Les gilets jaunes et les pouvoirs

Quand j’étais jeune j’ai découvert un lieu commun : « Vous les militants du PCF vous êtes dévoués, généreux, efficaces mais vous avez des dirigeants nuls ». Puis, devenu syndicaliste, j’ai entendu le même propos. Petit à petit, le discours s’est généralisé : le peuple d’un côté doté de toutes les qualités, et de l’autre les élites porteuses de toutes les perversions. D’où cet autre lieu commun : le pouvoir pervertit !

Je n’ai jamais été convaincu par cette distribution des rôles : le pouvoir n’est pas une question de personnes même s’il faut des personnes pour l’exercer. En ce moment le PDG de Renault est en prison et pourtant l’entreprise fonctionne normalement donc on aurait la preuve que le PDG ne sert à rien.

Cette question comme toutes les autres peuvent se lire à la lumière de la mobilisation gilets jaunes quand on vérifie aisément que le mouvement ne veut pas de chefs et a pourtant des chefs auto-proclamés… par les pouvoirs institués.

D’où la notion d’auto-organisation qui bouscule les schémas en place surtout chez tous ceux qi se méfient du spontanéisme..

 Reprenons le point de départ. Le PCF a eu son heure de gloire maximale en 1945, influence gagnée dans la Résistance à un moment où la direction du PCF était totalement marginalisée et où la créativité populaire a pu s’épanouir.

En fait, il existe dans le peuple ceux qui veulent se soumettre aux pouvoirs en place, et ceux qui veulent les contester. L’auto-organisation des militants entre 1941 et 1944 a pu capter l’appui du courant contestataire. Comme aujourd’hui les gilets jaunes captent ce même courant, au désespoir des détenteurs des pouvoirs les plus divers.

 Mais qui dans le peuple veut se soumettre aux pouvoirs les plus divers ? La coalition de ceux qui en profitent, de ceux qui espèrent en profiter (ils contestent le calife pour lui prendre sa place), et de ceux qui valorisent l’obéissance.

 Pour reprendre le point de départ il y a toujours eue au sein du PCF comme ailleurs, ceux pour qui obéir au pouvoir est la base, et ceux qui, contestataires de la société devenaient contestataires de la société communiste. Tous très dévoués sans porter le même genre de dévouement.

 Les gilets jaunes les plus motivés sont souvent ceux qui ont voté Macron en pensant que comme il le disait, il allait faire la révolution. Ils révèlent que TOUS les votes peuvent porter une part de l’esprit contestataire de la société, comme une part de l’esprit de soumission ! Et c’est vrai dans le monde des abstentionnistes dont certains ne se déplacent pas pour refuser le système, quand d’autres le font car ils acceptent globalement le système !

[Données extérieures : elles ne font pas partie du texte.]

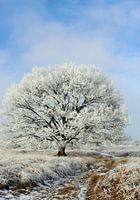 Winters landschap 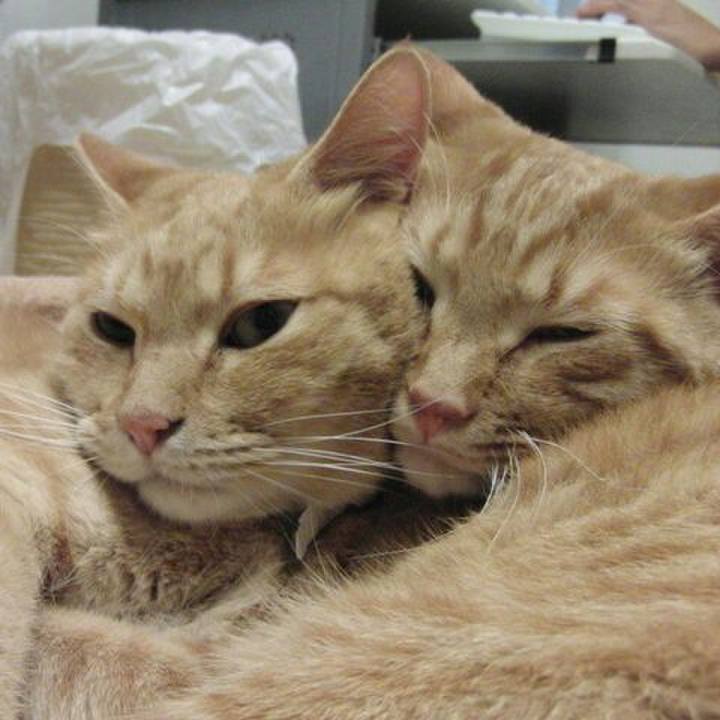 4d699152 61cf 4f3c 9449 c4976c49a4a0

 Sauf que jusqu’à présent, je survole seulement la question du pouvoir en le présentant sous un forme générale, ce qui est une abstraction ! Le pouvoir d’un dirigeant syndical et d’un dirigent patronal quand ils s’assoient autour de la table de négociation n’est pas socialement de même nature !

 De part leur révolte, les gilets jaunes sont hors du monde économique pour seulement dénoncer le monde politique, à un moment où les pouvoirs veut faire croire que le monde politique a très peu de pouvoir face au monde économique. D’où le mal à l’aise du monde syndical ! Sommes-nous revenus en 68 avec le célèbre slogan : TOUT est politique ?

 La démocratie, terme que je n’ai pas employé jusqu’à présent, or il existe une différence considérable entre pourvoir démocratique et pouvoir non démocratique, rend le pouvoir politique beaucoup plus fragile que le pouvoir économique, donc il se défausse souvent : par exemple, le chômage n’est pas de la responsabilité du politique même si le politique peut intervenir. Et puis il y a les marchés…

 Nous sommes face à une surprise : l’auto-organisation du peuple est inexistante généralement dans le monde politique vu l’encadrement par les partis, mais très fortement présente dans le monde économique ! Là, j’entends des hurlements puisque s’il y a bien un endroit sans démocratie c’est à l’entreprise.

Prenons le créateur de facebook devenu rapidement un des hommes les plus puissants du monde, il est au départ l’effet d’une auto-organisation ! Je veux dire qu’il est l’effet de la créativité populaire. Et chez les puissants d’aujourd’hui ils sont très nombreux dans ce cas, suivant la pratique du self made man typique des USA ! Bien sûr que l’esprit ingénieux qui invente le petit Apple contre le géant IBM va très vite avoir besoin du soutien du grand capital mais il n’est pas le fruit du grand capital ! On découvre alors que le monde de l’économie est beaucoup plus ouvert que le monde du politique corseté par les pouvoirs en place.

 Mais comment les manifestants peuvent-ils crier le pouvoir au peuple sans le relais syndical ? Par l’effet d’une surestimation du pouvoir politique ? Les luttes de 68 ont eu une part forte dans les entreprises mais a-t-on pour autant changé le pouvoir à l’entreprise ? Nettement moins que ne le fait le capitalisme en bousculant les hiérarchies établies ! Et cerise sur le gâteau, le pouvoir politique a même été, au bout, remis en selle !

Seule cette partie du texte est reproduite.